Among the entries below, retype exactly the lines starting with the one with "6 Kings Gate, 10" and going on through the one with "Incêndio em terreno", but not the pictures.

= Stored data =

=== Section Start ===

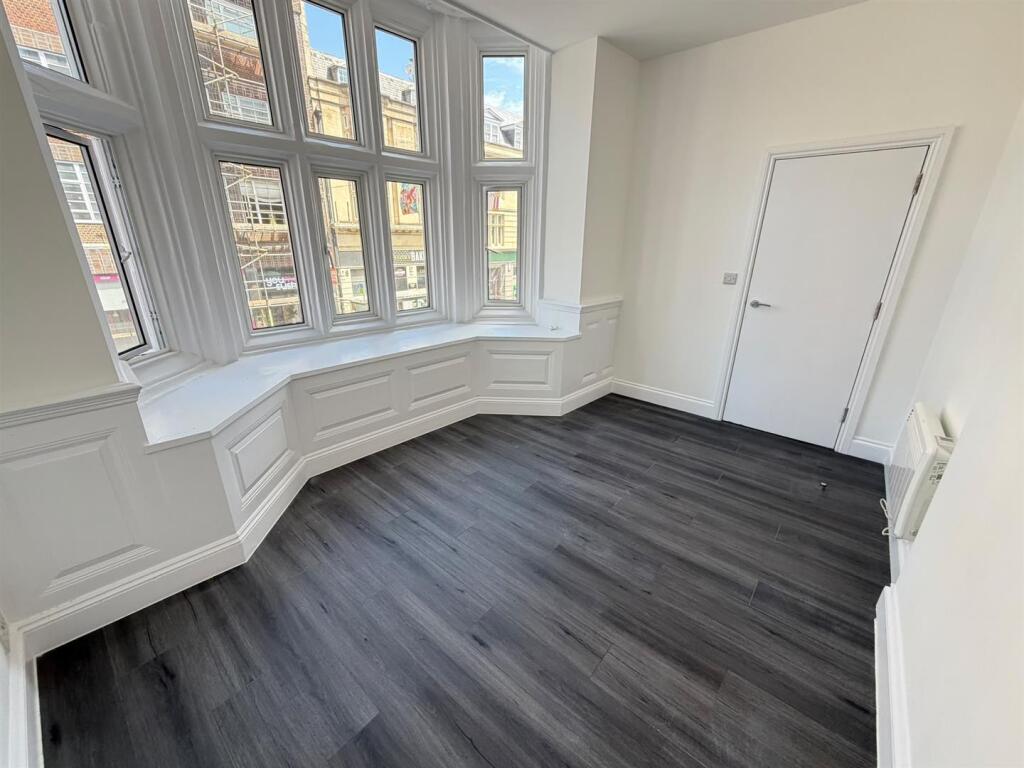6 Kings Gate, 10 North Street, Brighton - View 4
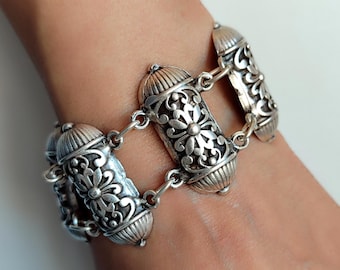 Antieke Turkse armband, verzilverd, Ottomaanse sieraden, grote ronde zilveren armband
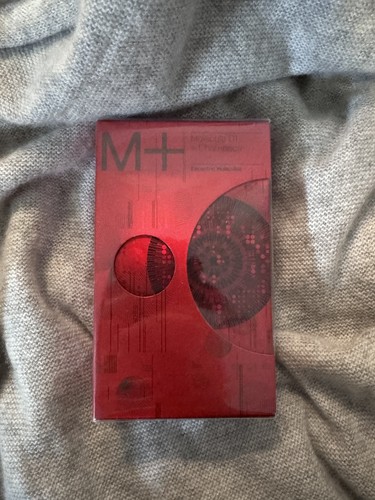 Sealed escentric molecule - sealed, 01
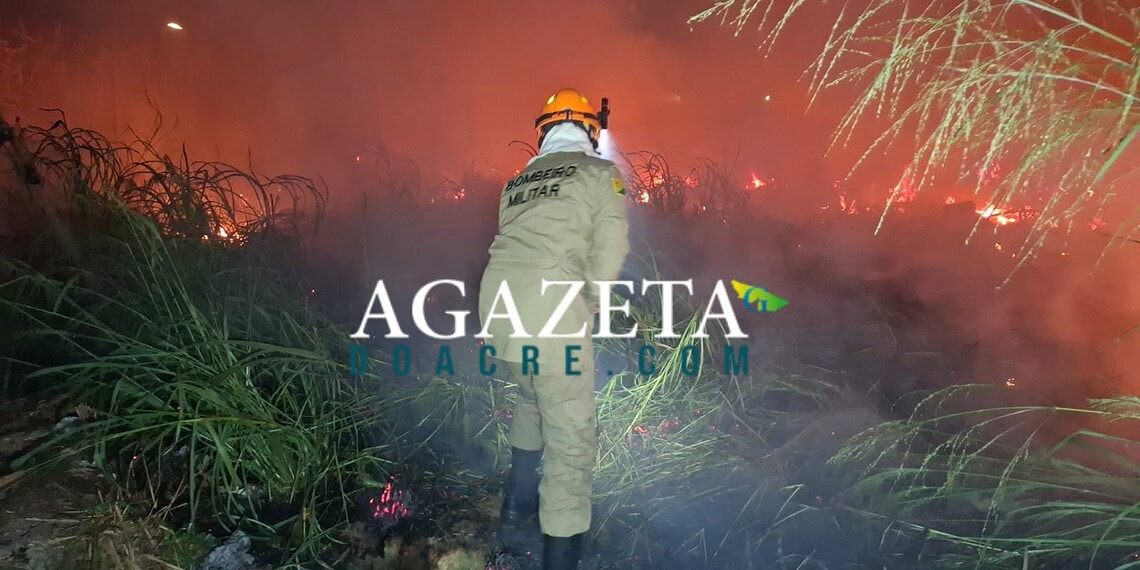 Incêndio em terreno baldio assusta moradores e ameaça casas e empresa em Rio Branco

=== Section End ===
=== Section Start ===

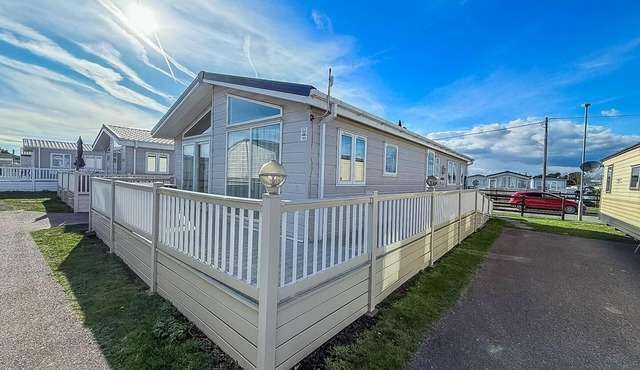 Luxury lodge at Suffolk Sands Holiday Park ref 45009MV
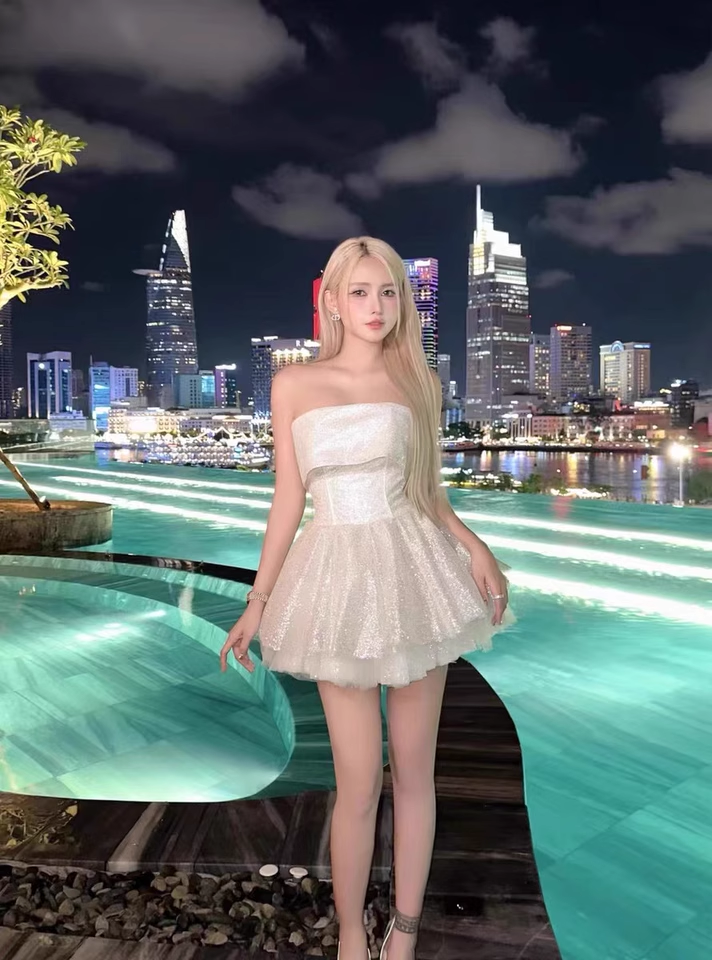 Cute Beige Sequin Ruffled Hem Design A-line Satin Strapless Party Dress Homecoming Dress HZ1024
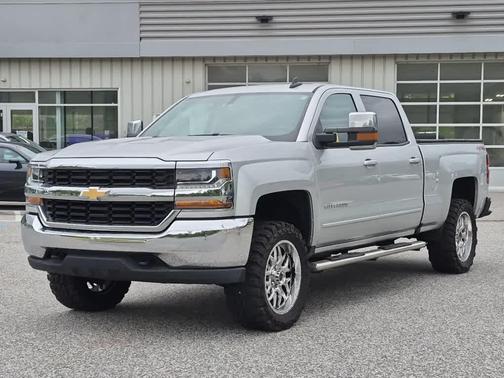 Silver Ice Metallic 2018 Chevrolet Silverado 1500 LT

=== Section End ===

= Output below =
6 Kings Gate, 10 North Street, Brighton - View 4
 Antieke Turkse armband, verzilverd, Ottomaanse sieraden, grote ronde zilveren armband
 Sealed escentric molecule - sealed, 01
 Incêndio em terreno baldio assusta moradores e ameaça casas e empresa em Rio Branco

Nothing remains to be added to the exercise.